The EvaluationLogger provides a flexible, incremental way to log evaluation data directly from your Python or TypeScript code. You don’t need deep knowledge of Weave’s internal data types; simply instantiate a logger and use its methods (log_prediction, log_score, log_summary) to record evaluation steps.
This approach is particularly helpful in complex workflows where the entire dataset or all scorers might not be defined upfront.
In contrast to the standard Evaluation object, which requires a predefined Dataset and list of Scorer objects, the EvaluationLogger allows you to log individual predictions and their associated scores incrementally as they become available.

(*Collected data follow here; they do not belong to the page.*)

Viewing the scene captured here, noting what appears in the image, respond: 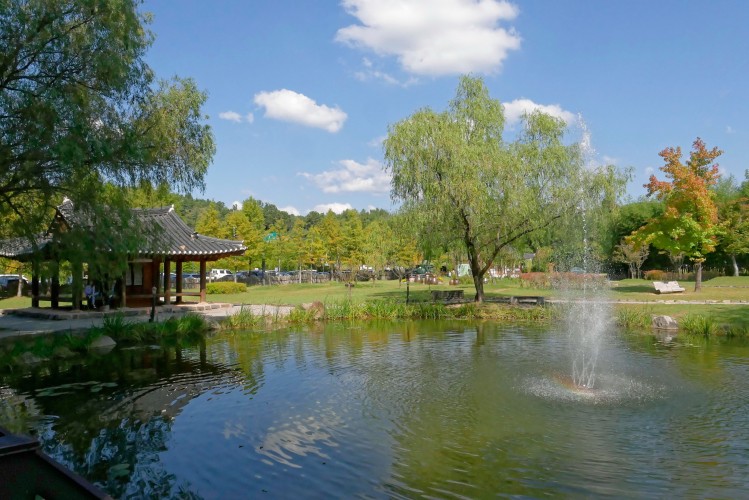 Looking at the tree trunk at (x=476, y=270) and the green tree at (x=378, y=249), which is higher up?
the green tree at (x=378, y=249)

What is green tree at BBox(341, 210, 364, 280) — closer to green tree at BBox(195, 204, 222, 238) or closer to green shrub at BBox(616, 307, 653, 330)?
green tree at BBox(195, 204, 222, 238)

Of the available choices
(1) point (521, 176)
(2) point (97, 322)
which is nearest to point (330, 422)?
(2) point (97, 322)

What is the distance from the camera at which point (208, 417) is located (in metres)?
8.35

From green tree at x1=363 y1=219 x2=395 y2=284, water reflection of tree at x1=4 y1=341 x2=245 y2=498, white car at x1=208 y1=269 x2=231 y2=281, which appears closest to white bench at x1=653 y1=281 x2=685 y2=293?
green tree at x1=363 y1=219 x2=395 y2=284

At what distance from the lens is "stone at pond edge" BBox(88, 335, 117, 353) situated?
14.3 metres

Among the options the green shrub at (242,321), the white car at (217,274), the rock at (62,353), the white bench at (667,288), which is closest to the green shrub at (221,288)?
the white car at (217,274)

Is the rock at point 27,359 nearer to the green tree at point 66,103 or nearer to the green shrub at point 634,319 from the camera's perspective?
the green tree at point 66,103

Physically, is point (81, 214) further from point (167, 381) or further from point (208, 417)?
point (208, 417)

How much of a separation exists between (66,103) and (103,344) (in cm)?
759

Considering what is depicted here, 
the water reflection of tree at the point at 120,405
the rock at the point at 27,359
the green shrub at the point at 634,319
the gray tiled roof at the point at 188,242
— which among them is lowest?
the water reflection of tree at the point at 120,405

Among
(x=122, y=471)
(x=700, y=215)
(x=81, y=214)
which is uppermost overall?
(x=700, y=215)

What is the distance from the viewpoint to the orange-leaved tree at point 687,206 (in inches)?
1070

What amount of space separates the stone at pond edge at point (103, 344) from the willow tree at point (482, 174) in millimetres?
12017

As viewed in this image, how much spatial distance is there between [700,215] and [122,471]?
96.0 ft
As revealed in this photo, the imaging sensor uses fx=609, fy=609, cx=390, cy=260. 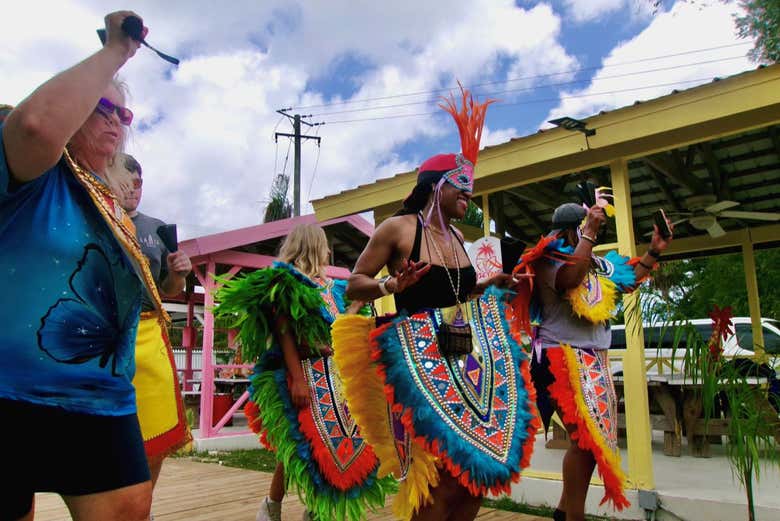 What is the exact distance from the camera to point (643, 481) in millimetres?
4047

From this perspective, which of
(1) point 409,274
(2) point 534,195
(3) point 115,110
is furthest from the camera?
(2) point 534,195

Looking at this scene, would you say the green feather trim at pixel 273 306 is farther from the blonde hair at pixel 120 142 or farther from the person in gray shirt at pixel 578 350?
the blonde hair at pixel 120 142

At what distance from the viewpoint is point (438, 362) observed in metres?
2.22

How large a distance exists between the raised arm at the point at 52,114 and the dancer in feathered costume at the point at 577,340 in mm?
2199

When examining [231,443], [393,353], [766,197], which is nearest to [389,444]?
[393,353]

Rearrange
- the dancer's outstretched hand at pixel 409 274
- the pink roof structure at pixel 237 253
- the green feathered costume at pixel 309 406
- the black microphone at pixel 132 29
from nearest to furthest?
the black microphone at pixel 132 29 < the dancer's outstretched hand at pixel 409 274 < the green feathered costume at pixel 309 406 < the pink roof structure at pixel 237 253

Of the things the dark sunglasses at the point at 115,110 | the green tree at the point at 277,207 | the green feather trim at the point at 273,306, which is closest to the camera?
the dark sunglasses at the point at 115,110

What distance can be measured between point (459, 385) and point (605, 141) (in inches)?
115

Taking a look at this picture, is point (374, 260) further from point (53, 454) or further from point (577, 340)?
point (577, 340)

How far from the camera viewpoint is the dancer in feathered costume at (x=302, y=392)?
328cm

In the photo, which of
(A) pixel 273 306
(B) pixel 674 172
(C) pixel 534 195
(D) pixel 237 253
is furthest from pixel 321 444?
(D) pixel 237 253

Prefer a more structured evaluation?If you prefer a more opinionated evaluation framework with predefined datasets and scorers, see Weave’s standard Evaluation framework.The EvaluationLogger offers flexibility while the standard framework offers structure and guidance.
Basic workflow
- Initialize the logger: Create an instance of
EvaluationLogger, optionally providing metadata about the model and dataset. Defaults will be used if omitted.
:::important Track token usage and cost
To capture token usage and cost for LLM calls (e.g. OpenAI), initialize EvaluationLogger before any LLM invocations**.
If you call your LLM first and then log predictions afterward, token and cost data are not captured.
:::
- Log predictions: Call
log_prediction for each input/output pair from your system.
- Log scores: Use the returned
ScoreLogger to log_score for the prediction. Multiple scores per prediction are supported.
- Finish prediction: Always call
finish() after logging scores for a prediction to finalize it.
- Log summary: After all predictions are processed, call
log_summary to aggregate scores and add optional custom metrics.
After calling finish() on a prediction, no more scores can be logged for it.
For a Python code demonstrating the described workflow, see the Basic example.
Basic example
The following example shows how to use EvaluationLogger to log predictions and scores inline with your existing code.
The user_model model function is defined and applied to a list of inputs. For each example:
- The input and output are logged using
log_prediction.
- A simple correctness score (
correctness_score) is logged via log_score.
finish() finalizes logging for that prediction.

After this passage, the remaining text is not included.